Unpacking the Syrian Conflict: What’s Next?

Syria made the headlines again today. In more than two year of fighting, the Syrian civil war has resulted in over 90,000 deaths, displaced over 4 million people, and has caused more than $80 billion in damage. Yet, there is still no end in sight. As described in the Institute of Social Policy and Understanding and the New America Foundation’s June 2013 Report, Dissecting an Evolving Conflict: The Syrian Uprising and the Future of the Country, the conflict in Syria has reached a stalemate, a condition if not resolved soon could spiral Syria into becoming a failed state.

Syria was the fifth Arab spring country, following in the footsteps of Tunisia, Libya, Egypt, and Yemen. What began as a peaceful call for political reformation in March 2011 quickly took up the slogan of the Arab Spring revolution – “the people want to overthrow the regime” – and was consequently met with stark regime crackdown. The regime’s use of violence transformed the nature of the conflict from one of rebellion, seeking political reform, to one of revolution, seeking the overthrow of the Assad regime. As the protests gained momentum, the Syrian governments stepped in with increasing force, perpetuating further protests. Each time this cycle occurred, the conflict escalated a little bit further.

The militarization of the rebellion came in response to Assad’s implementation of the security solution—a plan that involved breaking up protests but quickly escalated to include the use of military might to disband the unarmed protesters. Syrian soldiers, who are now being asked to fire on unarmed civilians, began to defect from the Syrian army. The defected Syrian military officers formed the Free Syrian Army (FSA) in July 2011 to combat the unchecked Syrian army in its campaign of human rights violations and crimes against humanity.
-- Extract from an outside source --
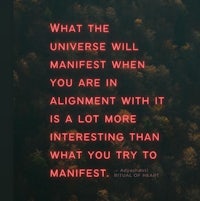 what the universe will manifest when you are alignment with it is a lot more interesting than trying to manifest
After the 18 July 2013 bombing of Syrian regime’s National Headquarters and the killing of four high ranking Syrian personnel, the opposition gained momentum and provided the catalyst of numerous opposition victories. Despite immediate successes, the progress of the rebels has since been slowed and has been met with immense opposition. With Assad’s government backed by Russia and Iran, the question in the last six months has been whether the West would intervene and support the rebels. For President Obama, the Syria’s use of chemical weapons was the ‘red line’ the eventually prompted the US to support the Syrian rebels.
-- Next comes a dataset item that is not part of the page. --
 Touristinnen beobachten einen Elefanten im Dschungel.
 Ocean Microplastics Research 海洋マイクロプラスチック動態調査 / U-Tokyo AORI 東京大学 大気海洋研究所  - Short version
An end to this conflict is in the interest of regional stability. The conflict has already spilled over into neighboring countries, putting tremendous stress on the region. Jordan, Lebanon, Iraq, and Turkey have all experience shelling and/or fighting as a direct consequence of the Syrian conflict.  Moreover, the conflict has forced the creations of regional alliances, Turkey, Saudi Arabia, and Qatar supporting the Syrian rebels, while Iran continues to support the Assad regime.
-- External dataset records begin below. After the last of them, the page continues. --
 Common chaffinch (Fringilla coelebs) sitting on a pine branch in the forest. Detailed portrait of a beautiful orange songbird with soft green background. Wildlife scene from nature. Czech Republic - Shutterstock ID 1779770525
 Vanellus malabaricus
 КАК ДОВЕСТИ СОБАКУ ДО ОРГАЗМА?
The stability of the region is now tied to the stability of Syria, a country locked in civil war stalemate. If the support of the US is able to tip the scales in favor of the rebels, this alone will not be sufficient to bring stability and security to the region. Over time the rebel movement has become fragmented and the success of the rebels would not bring stability alone. This is all to say that the road to regional stability in Syria may be longer than is immediate apparent. The end to civil war will not equate to stability. There are many difficult steps in between.